How I Got Over Writer's Block #5: How to Commit to Process
|Image Credit: Patrick Tomasso on Unsplash|
How I Got Over Writer's Block is a series of posts where I share the ways I changed my approach to the writing process in order to make it easier to actually sit down and do the work.
By re-framing key elements in the creative process, I was able to start writing and publishing consistently.
In my first post of the series, I outlined how to overcome Resistance (that thing that stops you from sitting down to do your work) by simply learning to Touch the Keys (finding the tiniest task that you can commit to doing every day).
In my second post, I talked about how not to Break the Chain and how to Celebrate (aka - build consistency through the use of positive reinforcement).
In my third post, I talked about how to find YOUR best time to do the work.
In my fourth post, I talked about Lowering the Bar for each writing session, and how the 80/20 rule (aka the Pareto Principle) can help you let go of perfectionism.
How do you commit to process? By knowing yourself and by letting go of the outcomes.
Step 5 - Know Yourself
Who are you?
Wait, what does an existential question like that have to do with sitting down to write?
The only way you will develop a process that works for you, is by knowing who you are.
I change not by trying to be something other than I am;
I change by becoming fully aware of how I am.
Work within the confines of who you are, otherwise, you'll be setting yourself up to fail.

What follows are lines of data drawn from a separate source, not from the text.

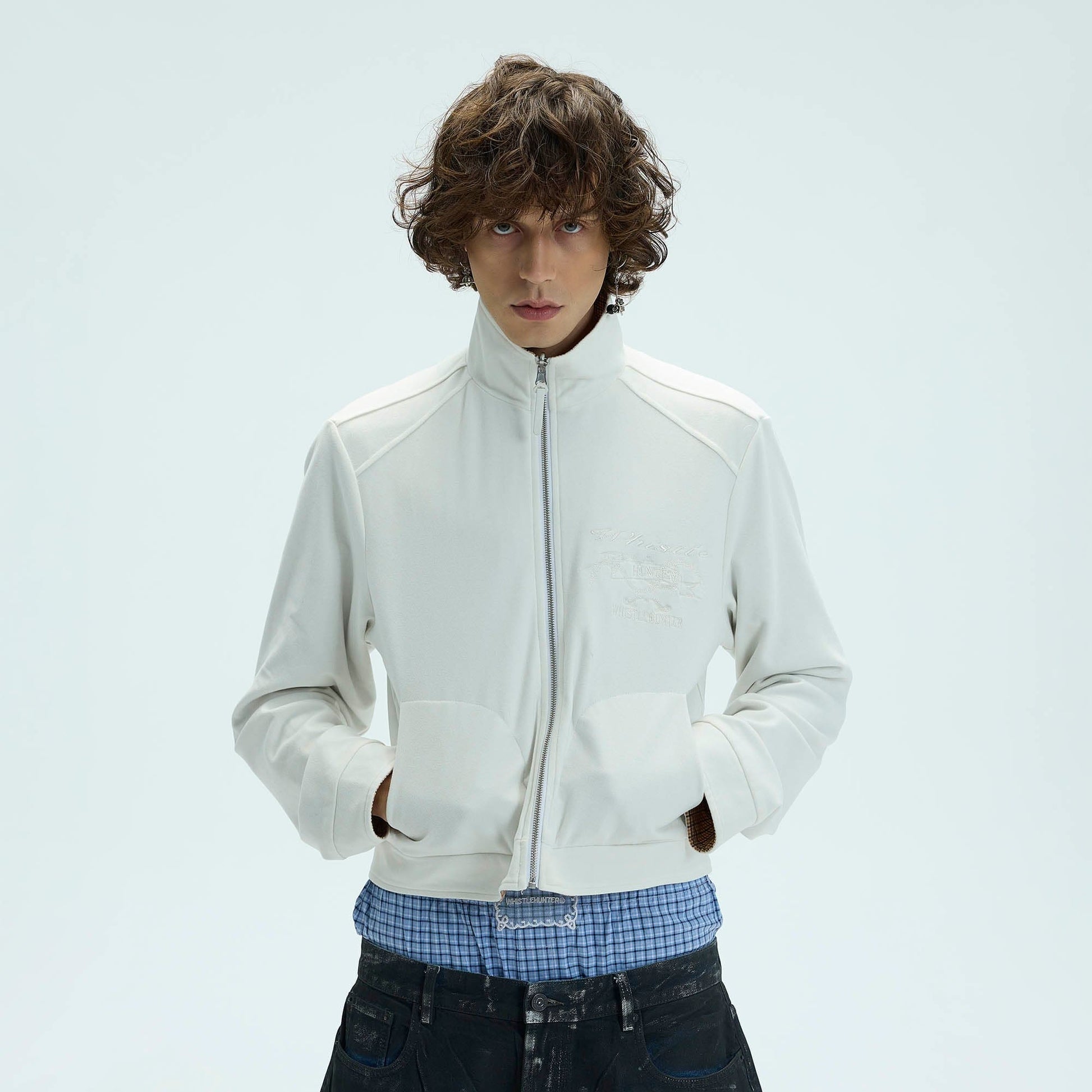 WHISTLEHUNTER Reversible Plaid Raglan Embroidered Jacket-Jacket-S-White-Free Shipping Leatheretro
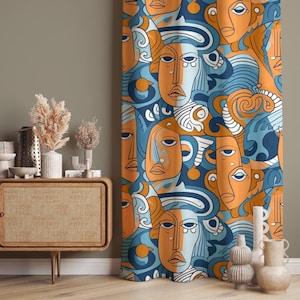 Picasso Patterned Curtains, Picasso Style Abstract Face Pattern Home Curtain, Abstract Style Curtain, Abstract Patterned Home Drapes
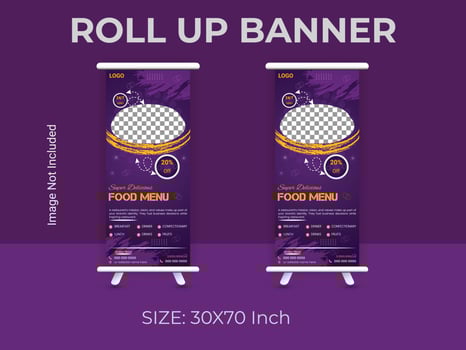 Restaurant food menu roll up banner template. vector food standee banner layout.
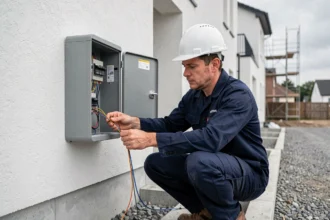 Technicien de France Télécom raccordant les câbles fibre optique sur une maison neuve lors d'une installation téléphonique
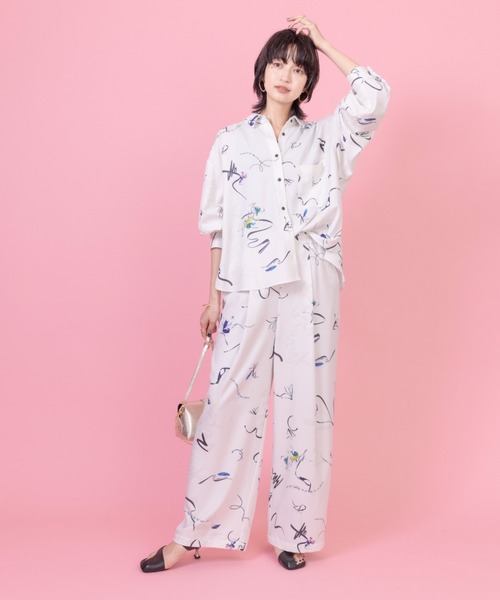 Veritecoeur フラワープリント リブタック パンツ 花柄 リボン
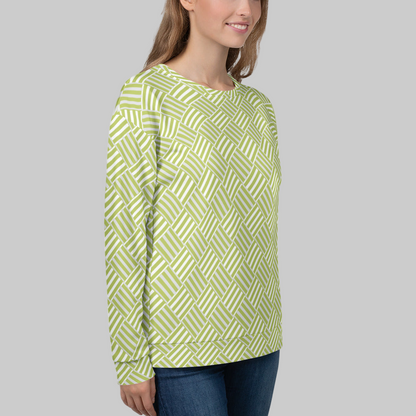 All-Over Print Recycled Unisex Sweatshirt Basketweave Grass Green Wild Willow and White for Woman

Judo (Japanese for “the gentle way”) emphasizes winning in combat by using your opponent's weight and strength as weapons against him, while preserving your own mental and physical energy.
In the case of getting yourself to sit down and write, your opponent is
you - the part of you that would prefer to pick fluff out of your belly button rather than sit down and do your work.
If you try to implement a system that goes against the grain of who you are, you're fighting your own nature and you will lose.
Use what you know about your opponent - you - to your benefit; work with who you know yourself to be; don't try to commit to a process that's based on who you wish you were; create a process based on who you are.
Example: If you're just not an early riser, don't try to commit to a process that demands that you become one or vice versa.
Personally, I'm not an evening person. Evenings my energy is low, my creativity is nil. Evenings, all my body and brain want to do is be "cuddly and snuggly" - meaning lying on the couch wrapped up in a blanket either reading a book or watching my latest Netflix obsession (possibly while knitting). If I tried to create a process of productivity for myself at this time of day, I wouldn't produce a damn thing.
So I don't. I'm a morning person, and that's the time I've created my process for.
Who are you and based on that, what is the process you can commit to?
Step 5.1 - Let Go of the Outcome
Ordinary people focus on the outcome.
Extraordinary people focus on the process.
Committing to the creative process is more important than results of the process.
The results aren’t in my control. The process is.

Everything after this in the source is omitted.